Adaptogens are a class of herbs that work to keep our bodies in balance, operating non-specifically to help us adapt to changes within and without ourselves. They work on many different factors and help to regulate/normalize organ and system function. These herbs are generally labeled as ‘non-toxic’.

You may have heard the word ‘adaptogen’ before. This is likely because they’ve become increasingly popular in recent years. When I first heard of adaptogens, I was working in a café that carried Moon Juice– a fancy LA brand that makes herbal products. Adaptogen sounded exotic and intriguing, as I’m sure it does to you. It drew me in with the possibility of stress and anxiety regulation, improved memory, and better focus. I didn’t know much about herbs at the time, so I bought into it (mentally and financially!). And to be honest, I wasn’t disappointed. 

Many herbs worked great for me. Unfortunately, most of the popular supplements on the market were pricey for an 18-year-old college student, so I eventually stopped using them. There was still a twinkle in my eye that I was in reach of being able to heal myself (affordably).

Nervines

Nervines are a class of herbs that work on the nervous system (hence the name). These herbs promote calmness, support stress, and can act as sedatives. These are also commonly used herbs like Matricaria chamomilla (Chamomile) or Lavandula angustifolia (Lavender). They can help us deal with what we’re facing head-on or work overtime, whether that be winding down before bed or building our reserves back up.

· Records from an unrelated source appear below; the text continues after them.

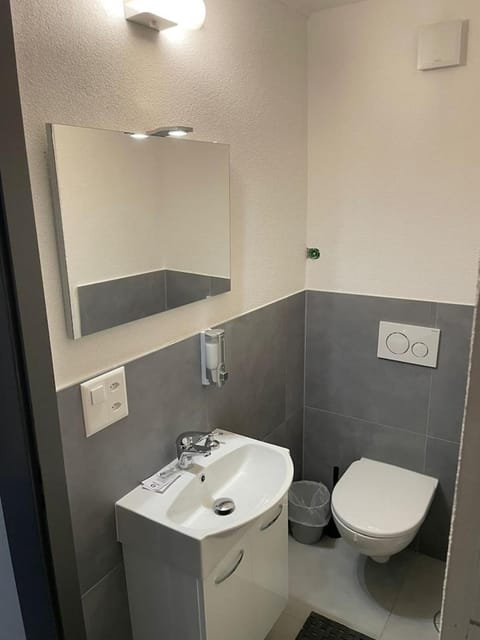 Toilet, Bathroom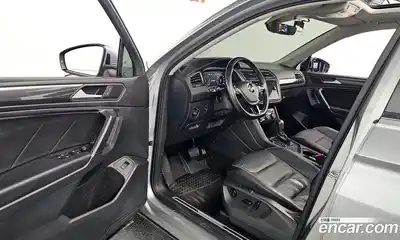 Volkswagen Tiguan 2020 2.0 Автомат в Москве № 725147, миниатюра 12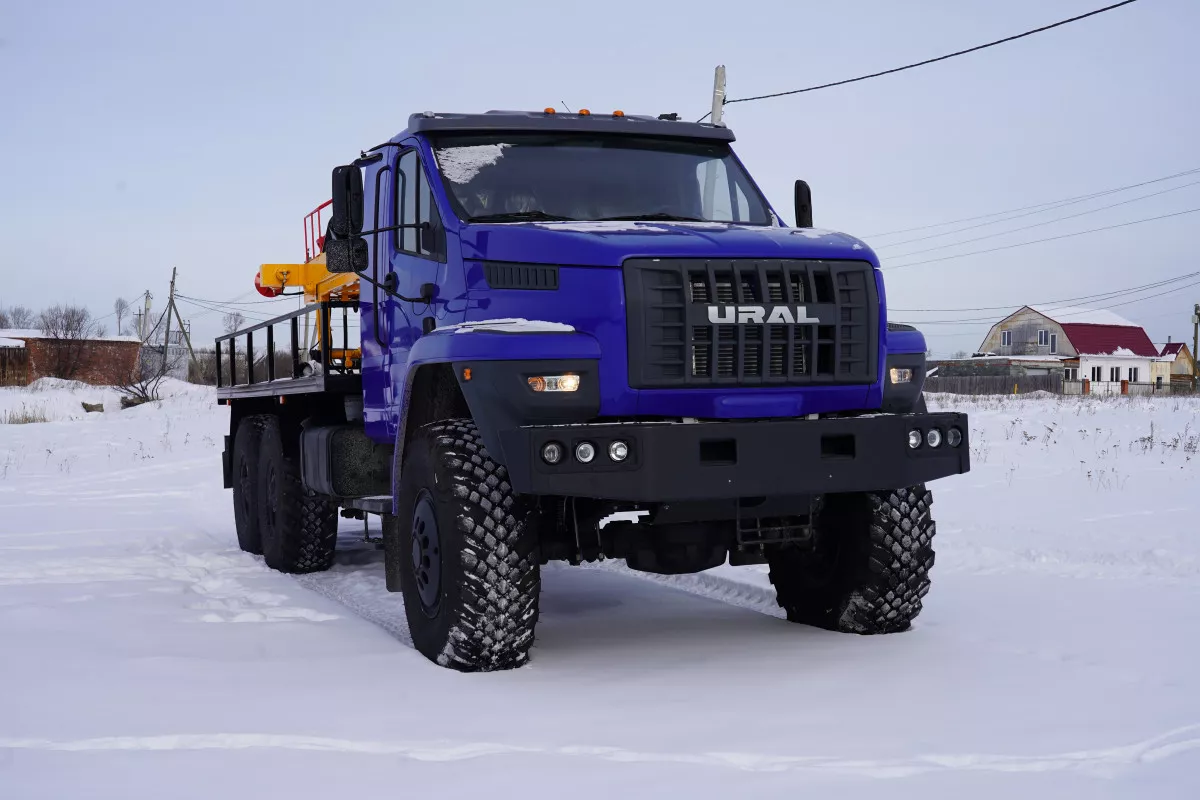 otgruzka-burovoj-ustanovki-aza-3m-na-shassi-ural-next-5557-72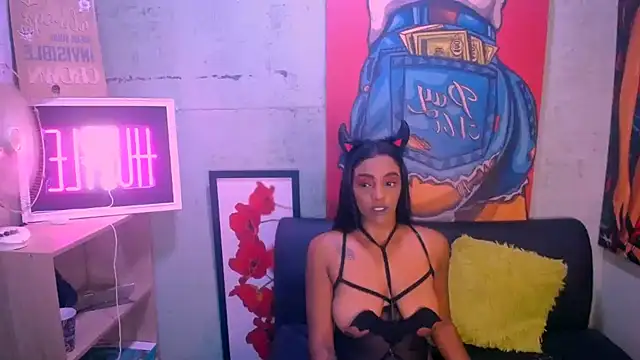 Indianzaraxxx online show from 04/14/26, 05:41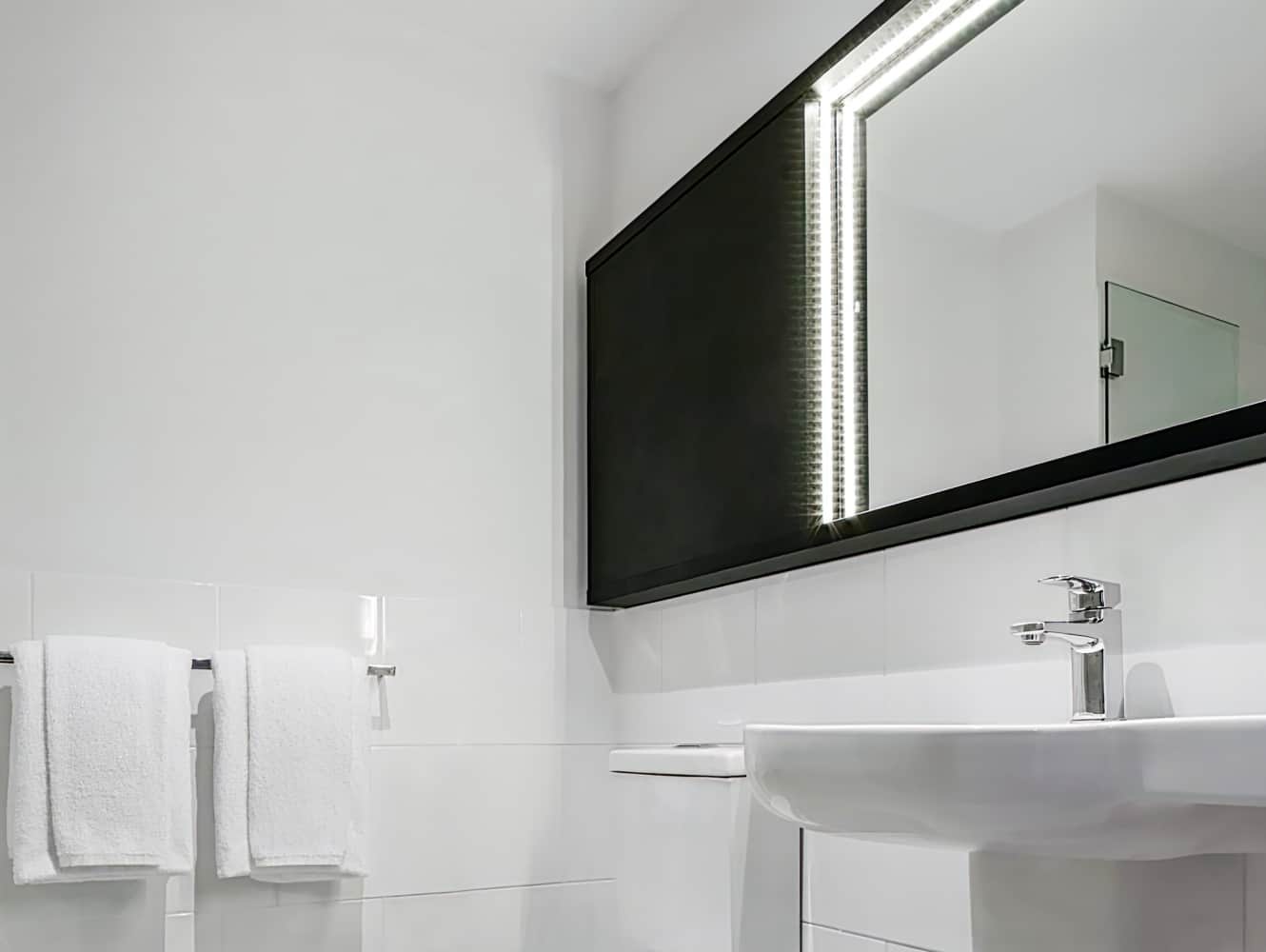 ibis Adelaide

Nervines can be tonics (help strengthen and restore the nervous system), relaxants (put us at ease and relax), or stimulants (stimulate the nervous system or act as a pick-me-up). 

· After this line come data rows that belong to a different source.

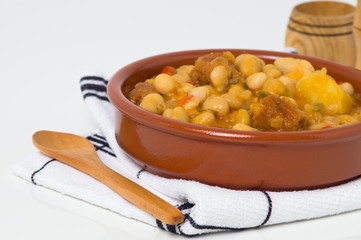 chickpeas and white beans with sausages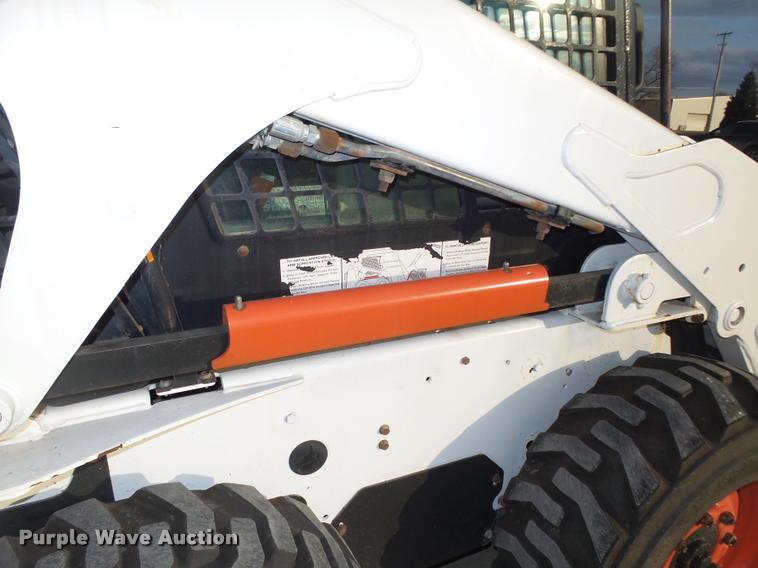 image for item L4189 2002 Bobcat S185 skid steer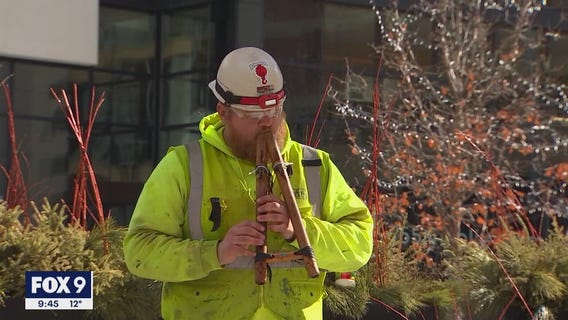 'Flute Guy' brings soothing sounds to downtown Minneapolis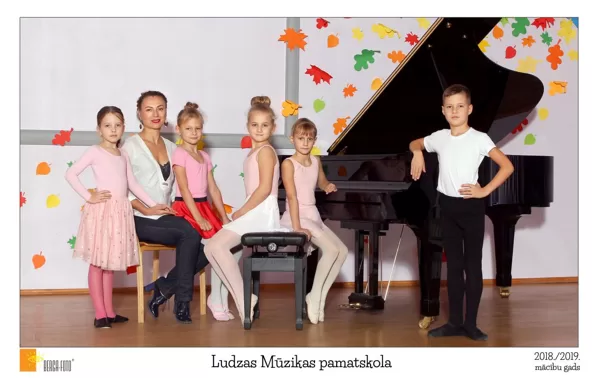 Deju programmas 1.klase. Pedagogs Oksana Štrauha.
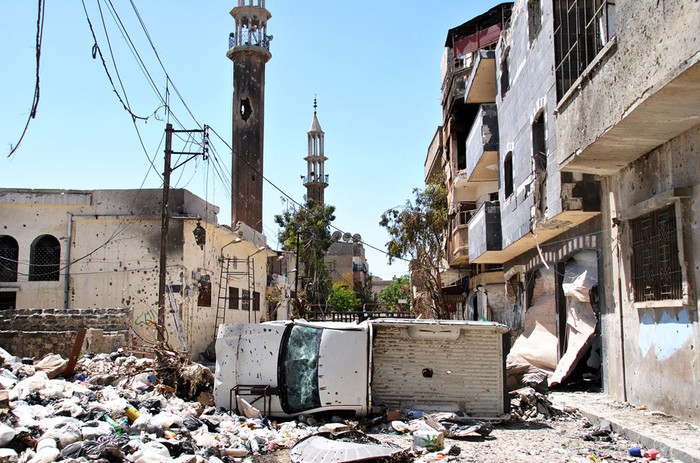 Một chiếc xe bị hư hỏng sau các cuộc tấn công trên đường phố ở Homs ngày 20/4/2012.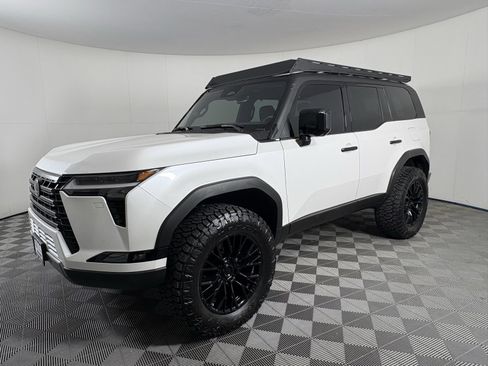 Used 2024 Lexus GX 550 image 3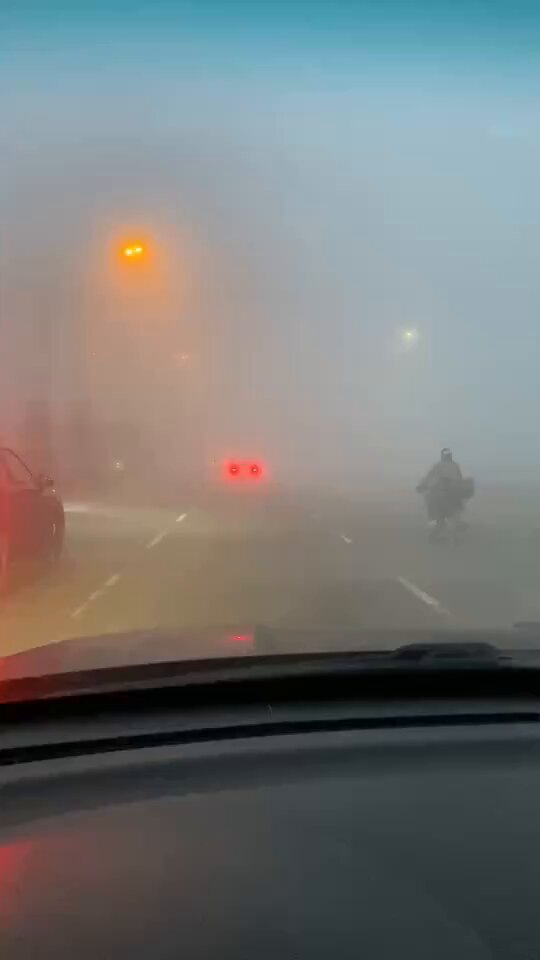 لا يزال الضباب الكثيف يخيم على شوارع أربيل متسبباً بتدنّي مستوى الرؤية 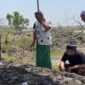 Suasana haru mewarnai pemakaman santri Pondok Pesantren Al Khoziny, Ghifari Haikal Nur (17), di Desa Wangen, Kecamatan Glagah, Lamongan, Rabu (8/10/2025). (Foto Dok Ho/RadarBangsa.co.id)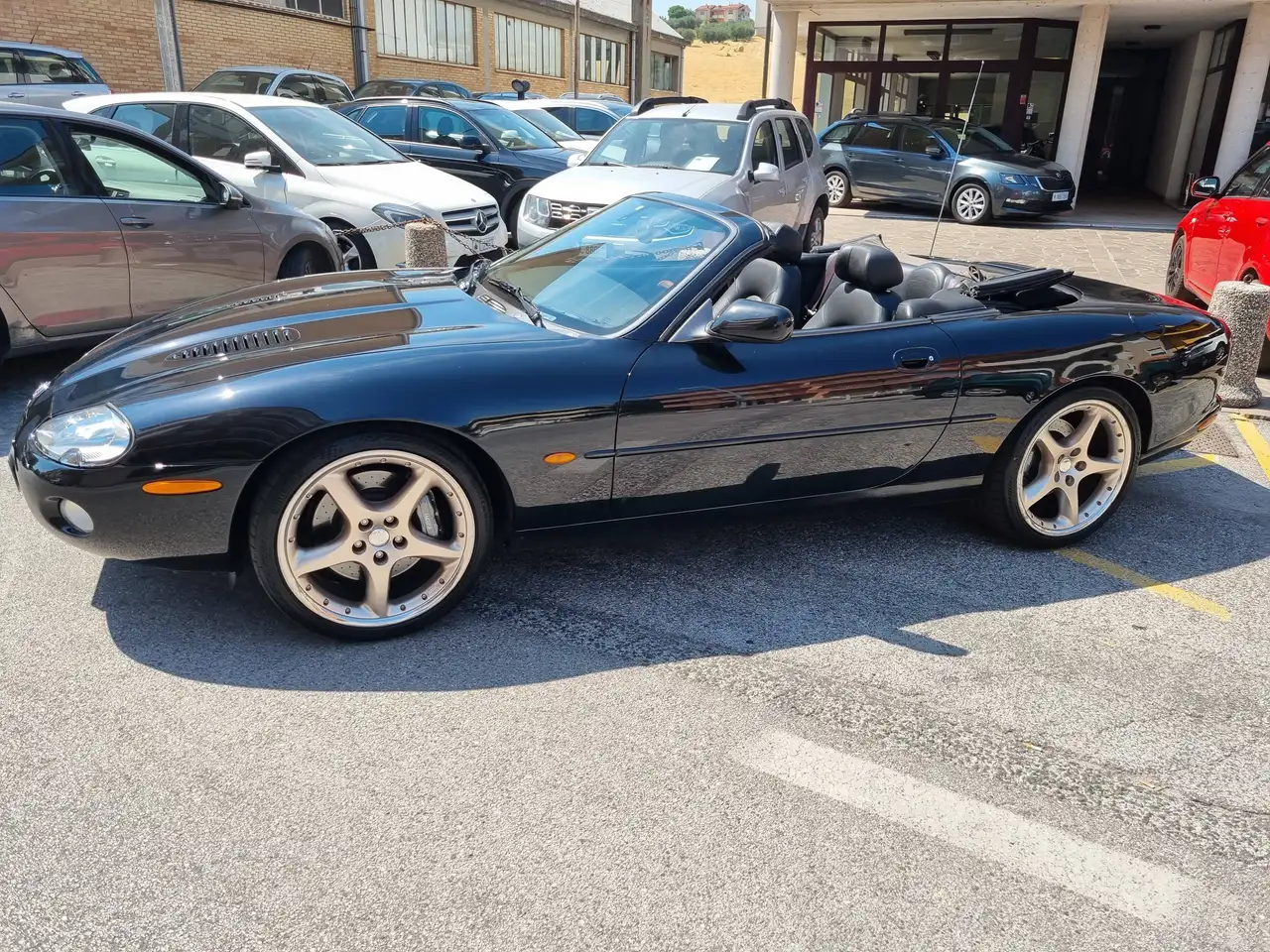 Jaguar XKR X100 Convertible 4.0 V8 Supercharged 363cv Serie speciale dei 100anni di Jaguar solo 500pezzi, foto 2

Nervine tonics and relaxants are what I’ll be focusing on today because they act more to soothe stress/anxiety and help to restore the nervous system.

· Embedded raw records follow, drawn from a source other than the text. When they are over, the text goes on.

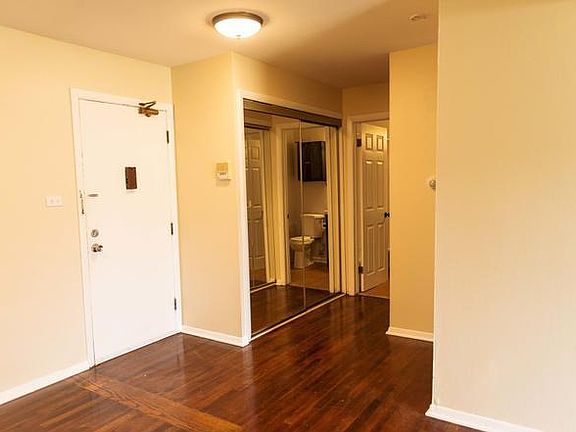 5th image of 8880 Golf Rd APT 1E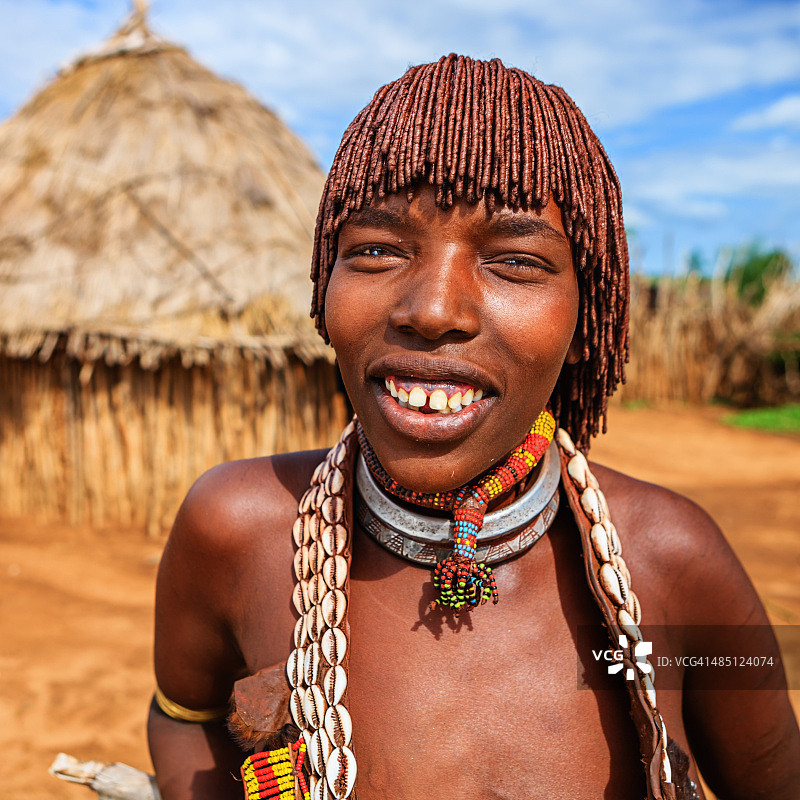 来自埃塞俄比亚哈默部落的年轻女人图片素材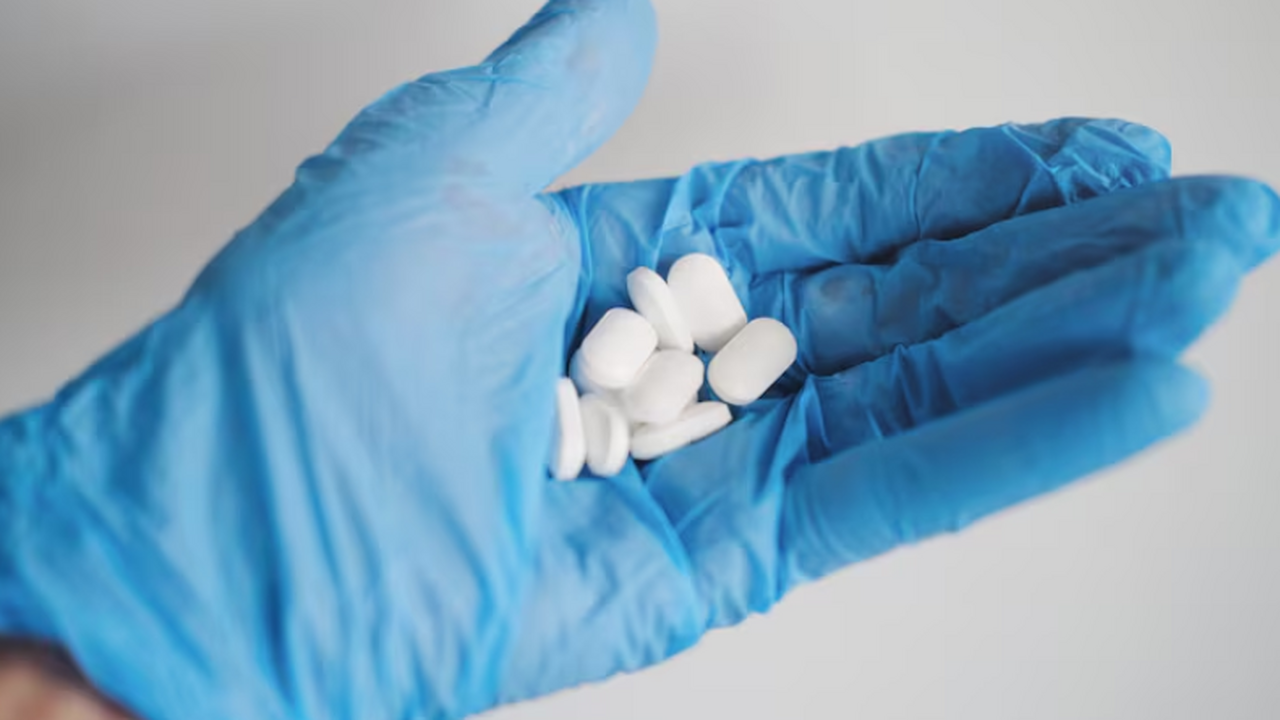 Новые гидразоны СГУ помогли тетрациклину против устойчивых бактерий Ученые азработали серию новых органических соед...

I believe plants are powerful ancient medicine. In this post, I steered away from some of the typical herbs you may hear about for stress and anxiety because I wanted to shed the spotlight on some of my personal favorites. These are herbs I’ve tried, worked with, and feel comfortable with- though your own experience with these herbs (if you decide to try them) will be entirely unique.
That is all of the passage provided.